Sudah sepantasnya Indonesia membantu. Tiga hal penting yang patut menjadi bahan refleksi.
Pertama, betapa pentingnya elemen masyarakat sipil di sebuah negeri. Keterampilan dan kesigapan menolong siapapun yang tertimpa kemalangan, menjadi kekuatan alternatif dalam mengantisipasi situasi terburuk di manapun. Masyarakat sipil, termasuk lembaga zakat merupakan kekuatan mandiri yang fleksibel bergerak. Semakin kokoh kekuatan ini, dunia, bukan hanya negerinya, memetik maslahat. Dukungan publik di Indonesia terhadap kiprah lembaga sosial/kemanusiaan semacam ini, menjadi nilai lebih sebuah bangsa. Bahkan kontributif bagi ketahanan nasional.

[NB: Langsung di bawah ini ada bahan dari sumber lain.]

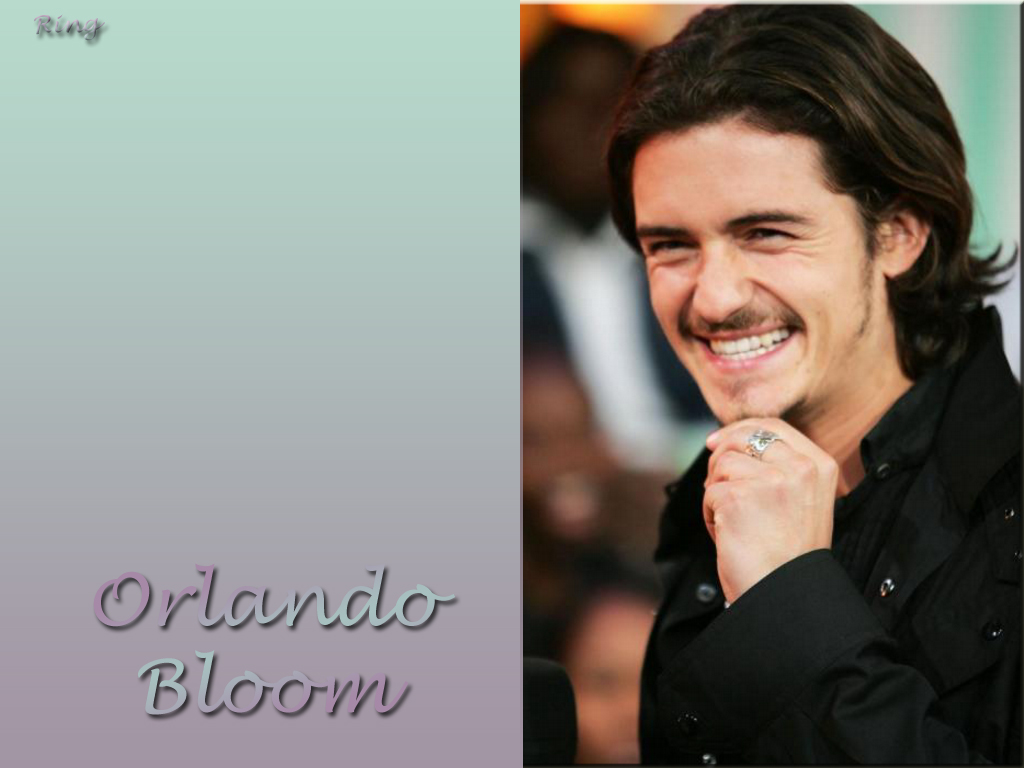 Orlando bloom 32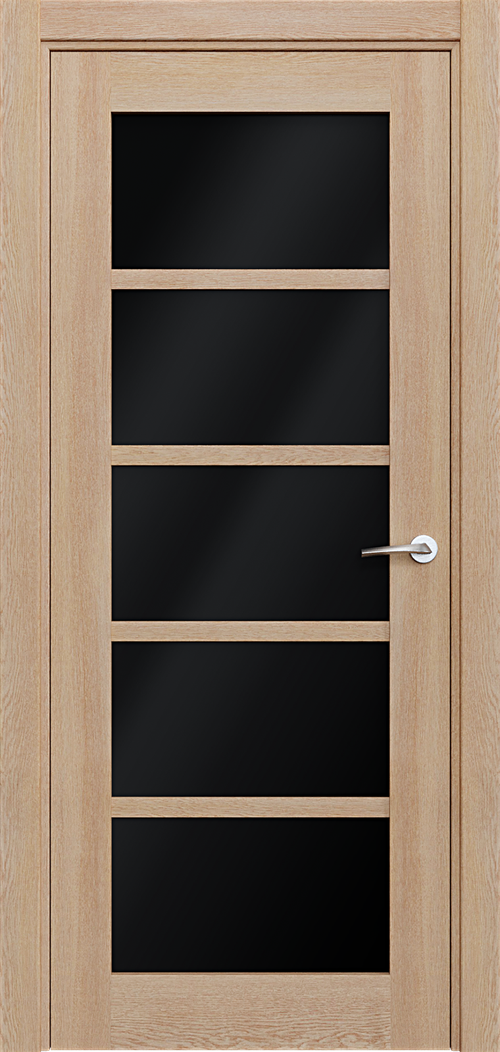 Optima 122 Дуб золотистый Триплекс   4мм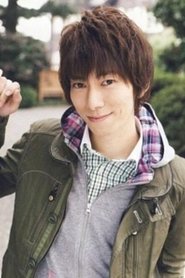 羽多野涉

Kedua, edukasi publik amat penting. Masyarakat yang aman dan damai, perlu siaga bencana, paham bagaimana mengurangi risiko bencana. Ia juga perlu peduli bangsa lain yang ditimpakemalangan. Bersyukur, menjadikan sebuah bangsa siap menolong bangsa lain. Tak perlu ada gugatan “di sini saja banyak orang susah, ngapain menolong yang jauh-jauh?” Ingat, saat tsunami, Indonesia banyak dibantu bangsa lain tanpa diminta. Membantu Filipina, bahkan membantu Iran, Amerika, Jepang dan lainnya, saat mereka ditimpa kemalangan, sama saja: atas nama kemanusiaan. Karena mereka pun siap membantu siapa saja.

Ketiga, pentingnya peneguhan positioning lembaga kemanusiaan Islam (misal: lembaga zakat), bahwa membantu bangsa lain bahkan yang mayoritas nonmuslim, tetap sah atas nama kemanusiaan, karena lembaga sosial-keagamaan ini berdiri tegak di atas landasan rahmatan lil’alamin, keharusan, kepatutan bahkan kesanggupan menebar rahmat bagi sekalian alam. Dan Filipina, negeri mayoritas Katholik ini, bukan wilayah tabu untuk berkiprah. Dunia menjadi mengerti, Islam itu rahmat bagi semua orang. Bahkan mereka yang berbeda keyakinan. Sebagaimana badai yang tak pandang bulu mau menerpa siapa, Islam pun, agama humanis untuk semua orang. Maka, publik donatur lembaga kemanusiaan Islam pun seharusnya tak akan menyoal berkiprahnya lembaga zakat di kancah kemanusiaan global.